All the words spoken in the movie are taken from life, though the film is not a documentary. So we get — several times, in fact — a line that played a central role in the trial; as the Wikipedia entry for Howl puts it:

On the basis of one line in particular

“who let themselves be fucked in the ass by saintly motorcyclists, and screamed with joy”

customs officials seized 520 copies of the poem on March 25, 1957, being imported from the printer in London.

Ginsberg himself was pleased with “screamed with joy” (rather than pain) — though he might have edited “let themselves be” to “asked to be”, to accord better with his experiences — but the customs officials found both the wording and the image offensive.

The trial turned, as did the British Lady Chatterley trial of Penguin Books (decided 50 years ago last fall — a significant anniversary), on the question of the merits, in particular the literary merit, of the work.

(On the Lady Chatterly trial, see Ben Yagoda’s excellent and wryly entertaining piece “Trial and Eros” in the Autumn 2010 American Scholar, which concludes

… sometimes inevitable changes don’t come easily.

In this case they required a literary show trial, with a comic-opera Podsnap forcing literary scholars to overpraise a deeply flawed if not actually bad novel, and blunt the intricate and subtle distinctions by which they had become used to defining themselves. They can be thankful there hasn’t been another such spectacle since.
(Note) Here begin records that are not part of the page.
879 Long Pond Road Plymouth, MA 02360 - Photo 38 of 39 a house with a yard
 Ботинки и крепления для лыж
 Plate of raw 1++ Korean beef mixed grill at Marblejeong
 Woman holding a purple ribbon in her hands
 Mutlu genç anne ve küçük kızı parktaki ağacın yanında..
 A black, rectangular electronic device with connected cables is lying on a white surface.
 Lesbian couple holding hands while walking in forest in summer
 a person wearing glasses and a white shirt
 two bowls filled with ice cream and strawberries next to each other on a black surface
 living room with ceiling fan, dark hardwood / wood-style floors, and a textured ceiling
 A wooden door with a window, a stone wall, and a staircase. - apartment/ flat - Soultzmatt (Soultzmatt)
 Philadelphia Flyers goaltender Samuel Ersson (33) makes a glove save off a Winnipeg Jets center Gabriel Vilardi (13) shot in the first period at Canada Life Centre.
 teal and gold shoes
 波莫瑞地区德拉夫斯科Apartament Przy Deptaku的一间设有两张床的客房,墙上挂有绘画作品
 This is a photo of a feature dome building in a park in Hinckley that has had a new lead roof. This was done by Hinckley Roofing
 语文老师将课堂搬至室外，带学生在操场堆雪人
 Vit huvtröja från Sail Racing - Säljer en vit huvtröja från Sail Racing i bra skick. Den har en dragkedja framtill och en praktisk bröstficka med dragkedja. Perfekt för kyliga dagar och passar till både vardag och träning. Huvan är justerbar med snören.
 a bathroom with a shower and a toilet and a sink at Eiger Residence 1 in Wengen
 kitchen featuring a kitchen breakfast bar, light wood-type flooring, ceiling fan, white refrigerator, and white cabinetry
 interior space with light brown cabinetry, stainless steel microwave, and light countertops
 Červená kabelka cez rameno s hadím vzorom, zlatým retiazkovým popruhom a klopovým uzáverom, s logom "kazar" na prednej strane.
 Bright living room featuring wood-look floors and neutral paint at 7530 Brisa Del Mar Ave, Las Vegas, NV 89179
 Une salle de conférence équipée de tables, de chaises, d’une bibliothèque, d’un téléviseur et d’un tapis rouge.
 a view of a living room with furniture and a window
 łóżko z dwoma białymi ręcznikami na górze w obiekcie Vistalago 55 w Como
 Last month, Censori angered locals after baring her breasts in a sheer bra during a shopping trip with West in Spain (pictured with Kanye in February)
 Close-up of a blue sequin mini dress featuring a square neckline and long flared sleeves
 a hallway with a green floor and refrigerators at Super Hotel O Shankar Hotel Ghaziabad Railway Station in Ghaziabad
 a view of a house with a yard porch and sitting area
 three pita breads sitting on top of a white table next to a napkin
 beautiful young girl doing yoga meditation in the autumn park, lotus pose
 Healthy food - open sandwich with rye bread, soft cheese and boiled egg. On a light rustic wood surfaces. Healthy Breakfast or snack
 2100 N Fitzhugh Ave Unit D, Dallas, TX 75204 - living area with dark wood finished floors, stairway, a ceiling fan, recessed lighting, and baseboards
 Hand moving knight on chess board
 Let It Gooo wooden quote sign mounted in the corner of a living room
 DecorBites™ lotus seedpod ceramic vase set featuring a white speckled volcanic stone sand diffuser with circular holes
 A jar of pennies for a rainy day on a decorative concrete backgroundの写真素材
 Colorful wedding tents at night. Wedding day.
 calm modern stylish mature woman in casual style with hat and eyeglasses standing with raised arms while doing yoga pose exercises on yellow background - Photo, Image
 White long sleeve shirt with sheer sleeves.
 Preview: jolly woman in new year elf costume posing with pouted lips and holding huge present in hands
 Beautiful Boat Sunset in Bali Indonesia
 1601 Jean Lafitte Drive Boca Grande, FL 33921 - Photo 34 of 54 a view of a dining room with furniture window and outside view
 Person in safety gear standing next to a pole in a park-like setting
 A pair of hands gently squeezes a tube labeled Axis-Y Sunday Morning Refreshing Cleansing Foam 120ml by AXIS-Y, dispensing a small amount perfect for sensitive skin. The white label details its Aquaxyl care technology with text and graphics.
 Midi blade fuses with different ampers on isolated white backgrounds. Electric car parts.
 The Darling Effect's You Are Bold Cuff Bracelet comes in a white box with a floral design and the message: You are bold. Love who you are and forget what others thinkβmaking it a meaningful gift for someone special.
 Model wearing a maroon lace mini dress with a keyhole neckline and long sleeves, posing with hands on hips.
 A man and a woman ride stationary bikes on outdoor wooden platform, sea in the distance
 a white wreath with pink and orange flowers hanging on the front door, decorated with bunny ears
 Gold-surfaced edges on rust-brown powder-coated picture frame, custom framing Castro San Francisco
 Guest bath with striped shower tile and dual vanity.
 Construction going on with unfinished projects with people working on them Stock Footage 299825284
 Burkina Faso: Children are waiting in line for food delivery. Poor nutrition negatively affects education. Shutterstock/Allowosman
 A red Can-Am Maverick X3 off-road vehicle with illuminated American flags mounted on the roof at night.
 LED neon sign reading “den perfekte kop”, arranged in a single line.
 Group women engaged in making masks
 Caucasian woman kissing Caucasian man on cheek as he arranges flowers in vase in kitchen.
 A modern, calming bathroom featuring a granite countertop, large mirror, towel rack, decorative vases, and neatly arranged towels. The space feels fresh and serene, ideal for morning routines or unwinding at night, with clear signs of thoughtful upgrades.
Their profession would probably not be able to survive it.

That was three years after the Howl trial.

In both cases, linguistic expressions — in particular, the word fuck — were viewed by many people as intrinsically offensive, indeed dangerous, regardless of the context in which they were used, and the trials turned on whether the context could mitigate the offense as a matter of law, leaving  untouched popular opinions and attitudes about the matter, at least for the moment.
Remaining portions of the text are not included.